What I am trying to get a feel for, is whether this represents a bad choice of assembly in general for this kind of loop.

Nit: If a variable/object is only being written, that’s fine. There is a data dependency here because there is a read after a write.

I don’t have enough compiler knowledge to be able to definitively answer your question, but I think it would be a reasonable heuristic to favor emitting a branch over a cmov in cases where the cmov participates in a loop-carried data dependency.

The other advantage of emitting a branch is that branch prediction can better adapt to runtime conditions. Branch prediction tends to struggle when data is perfectly random, but most data is not. So in general it’s also reasonable for compilers to default to emitting branches.

Yeah, after reading the blog post I felt reasonably confident that this is a compiler bug (in terms of perf).

Hopefully someone with a deeper understanding can verify or discredit this here. I'm curious to see the fix for this (I assume it will generate a fix).

I don't know if I would classify it as a bug, but definitely a heuristic that could use tuning.

At least (at a high level) in LLVM, branches and cmovs are represented with the exact same construct, and one of the codegen passes looks at the condition and the two sides and heuristically determines whether to emit a branch or a cmov.

I don't know how Go codegen works, but I assume they do something similar.

Confused, why do you think this is a compiler bug?

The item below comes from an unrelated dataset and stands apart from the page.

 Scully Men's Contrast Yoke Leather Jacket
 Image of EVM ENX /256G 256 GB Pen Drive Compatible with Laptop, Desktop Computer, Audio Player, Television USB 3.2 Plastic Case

You should definitely expect a predictable branch to be faster than a conditional move, and the insertion of a conditional move in the original is totally sensible (albeit not intuitive if you haven't seen it).
> and the insertion of a conditional move in the original is totally sensible (albeit not intuitive if you haven't seen it).

Would you mind expanding? If the conditional move isn't needed, and given that it's costly in terms of perfs, how is that “totally sensible” to have one here?